The task => I need an exact copy of the lines from the one containing "Sezaryen Doğumlara Karşı Gebe Okulu" through the end of the records, without any pictures.

(Exercise data)

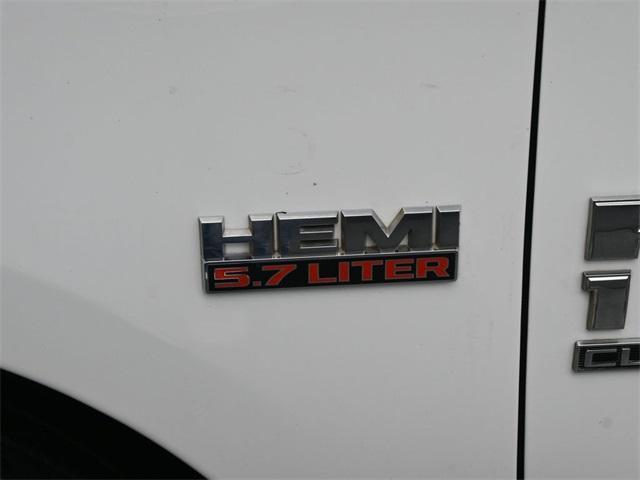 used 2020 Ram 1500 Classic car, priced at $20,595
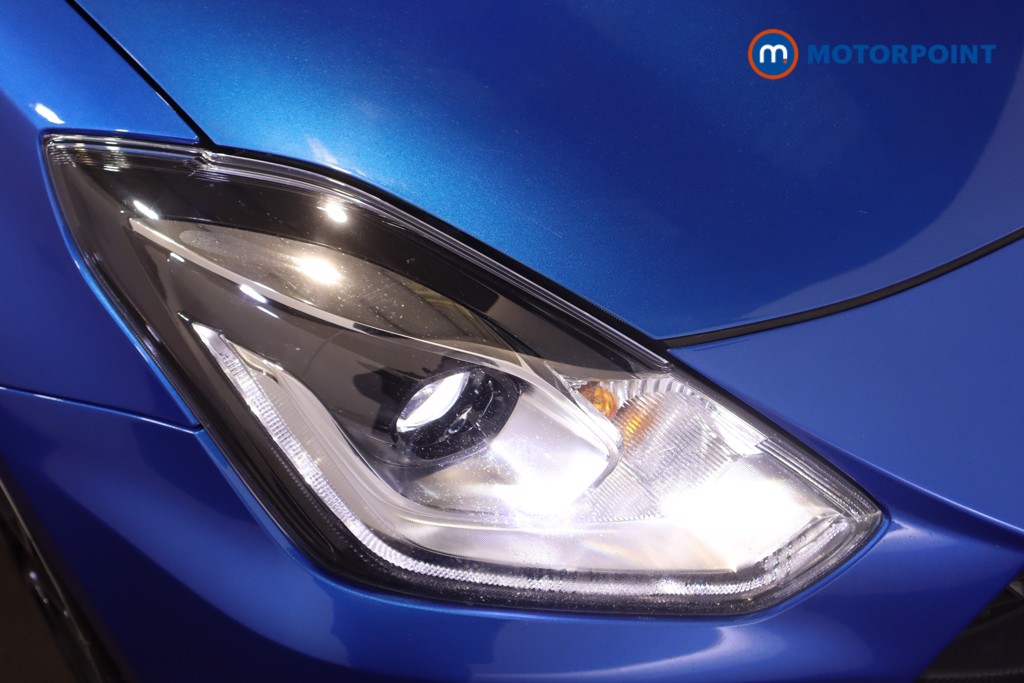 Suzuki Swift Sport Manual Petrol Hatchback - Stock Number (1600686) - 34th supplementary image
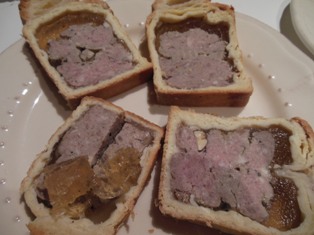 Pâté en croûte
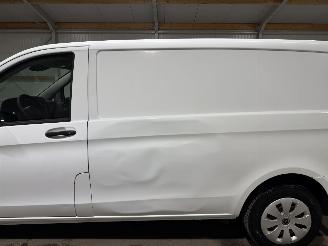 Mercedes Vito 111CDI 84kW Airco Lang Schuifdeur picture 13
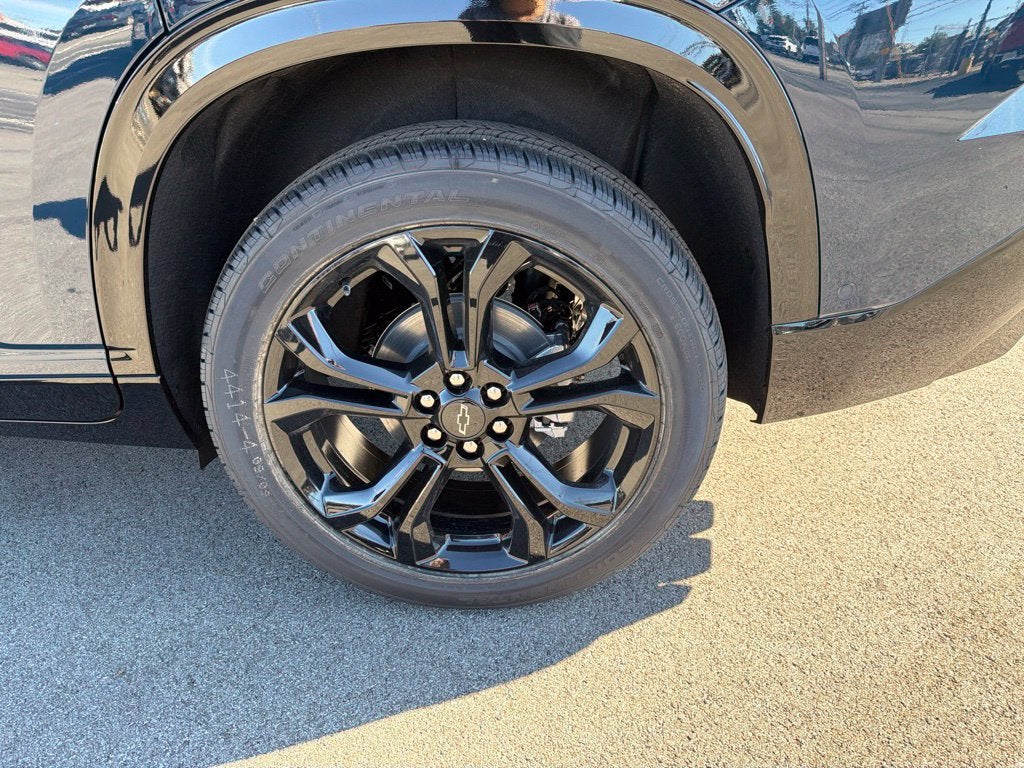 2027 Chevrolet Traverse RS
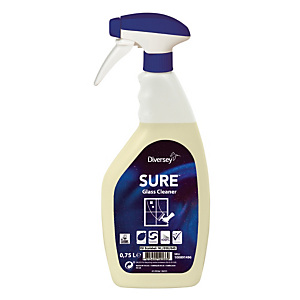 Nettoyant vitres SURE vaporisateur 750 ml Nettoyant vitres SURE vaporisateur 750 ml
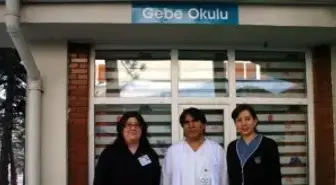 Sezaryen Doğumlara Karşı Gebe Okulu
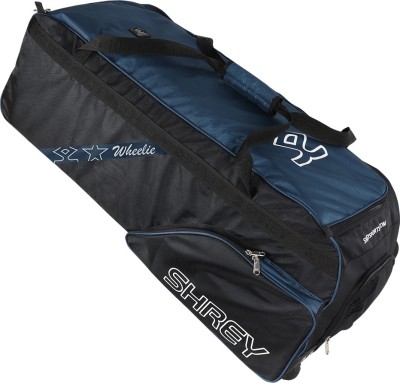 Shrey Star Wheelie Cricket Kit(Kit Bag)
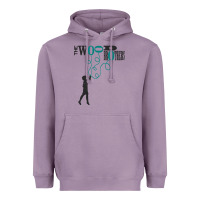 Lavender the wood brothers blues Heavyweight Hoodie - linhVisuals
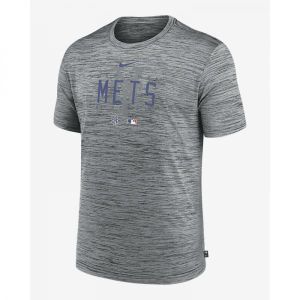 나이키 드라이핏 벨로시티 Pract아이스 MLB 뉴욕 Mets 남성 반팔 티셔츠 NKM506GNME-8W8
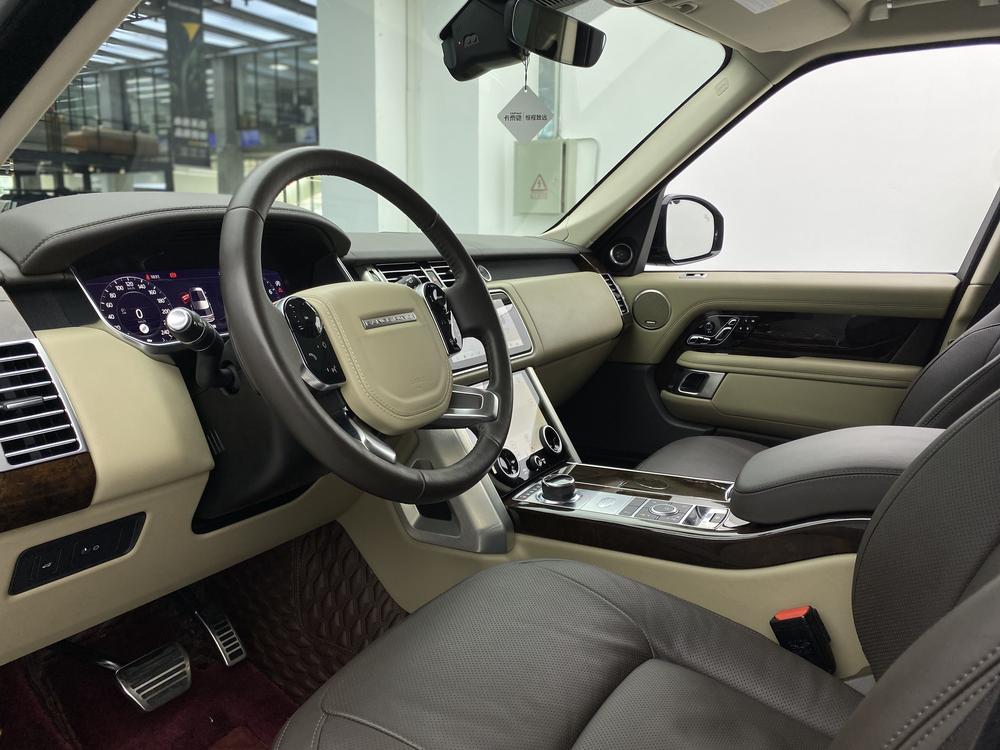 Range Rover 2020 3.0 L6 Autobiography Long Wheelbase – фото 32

(End Exercise data)

Task response =>
 Sezaryen Doğumlara Karşı Gebe Okulu
 Shrey Star Wheelie Cricket Kit(Kit Bag)
 Lavender the wood brothers blues Heavyweight Hoodie - linhVisuals
 나이키 드라이핏 벨로시티 Pract아이스 MLB 뉴욕 Mets 남성 반팔 티셔츠 NKM506GNME-8W8
 Range Rover 2020 3.0 L6 Autobiography Long Wheelbase – фото 32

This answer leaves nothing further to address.